Clayton Page Aldern

Writer and researcher on the environment, cognition, and public policy

I’m interested in the relationships between selves and the environments in which they’re enmeshed. Sometimes that looks like investigative journalism in environmental justice. Previously, it has meant work in housing and homelessness policy and computational neuroscience. These days, it looks more like research in active inference and political economy.

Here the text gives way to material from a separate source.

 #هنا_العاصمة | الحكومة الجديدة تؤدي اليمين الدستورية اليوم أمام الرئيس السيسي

I am the author of The Weight of Nature (Dutton / Allen Lane, 2024), which traces how climate change alters brain health, cognition, and behavior. With Gregg Colburn, I also wrote Homelessness Is a Housing Problem (UC Press, 2022), which illustrates how housing-market conditions (as opposed to individual failings) explain regional variation in rates of homelessness. My essays and journalism have been published by The Guardian, The Atlantic, The Economist, Aeon, Scientific American, Logic, Sierra Magazine, Geographical, Crosscut, and many others.

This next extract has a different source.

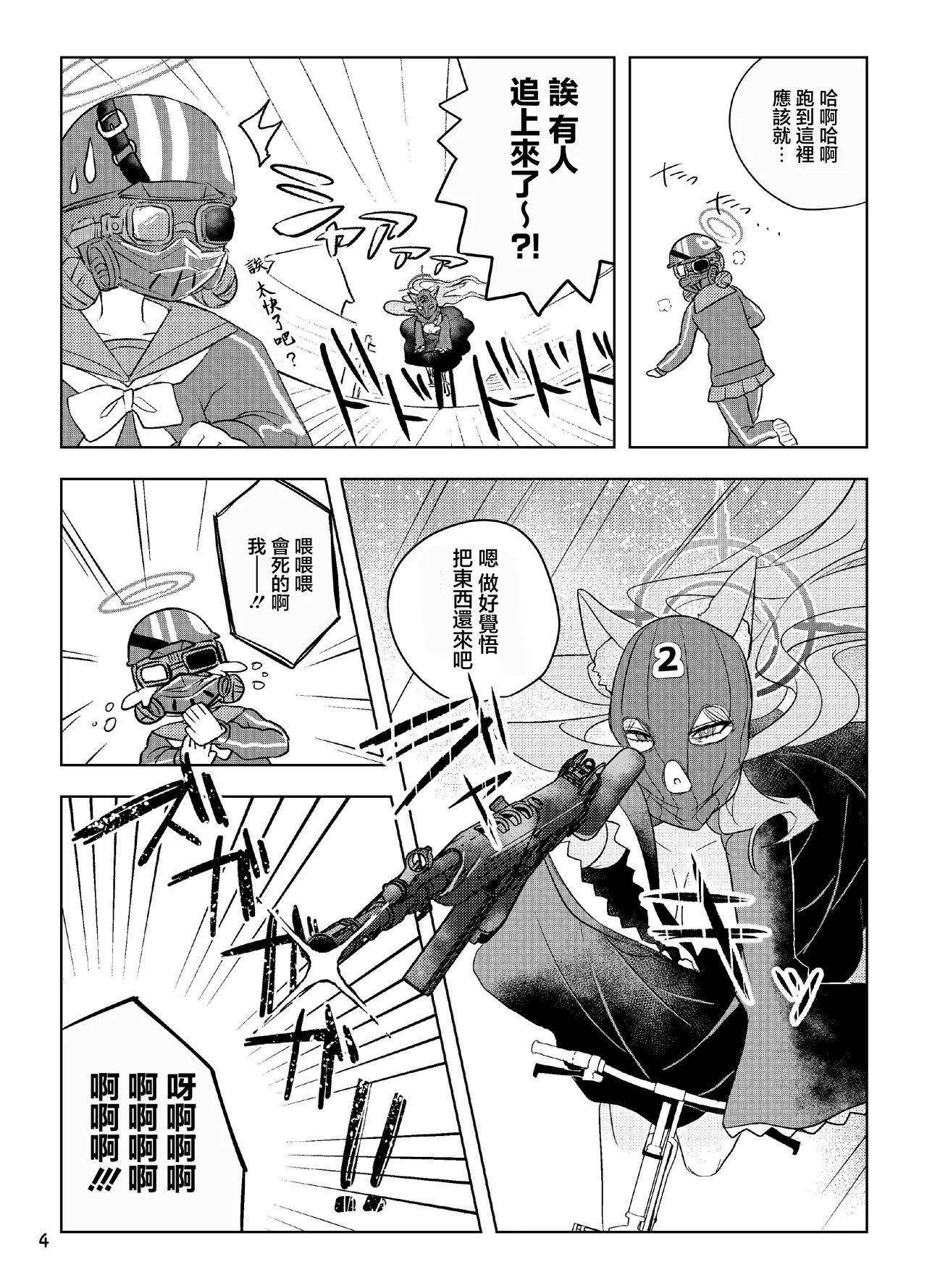 Preview page 4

I lead the data journalism program at Grist, a nonprofit magazine covering climate change and environmental justice. I also help coordinate the Neuro Climate Working Group, an international research consortium studying the neurological dimensions of climate change. I am a research affiliate of the University of Washington’s Center for Studies in Demography and Ecology and operate a small data science and public policy advisory.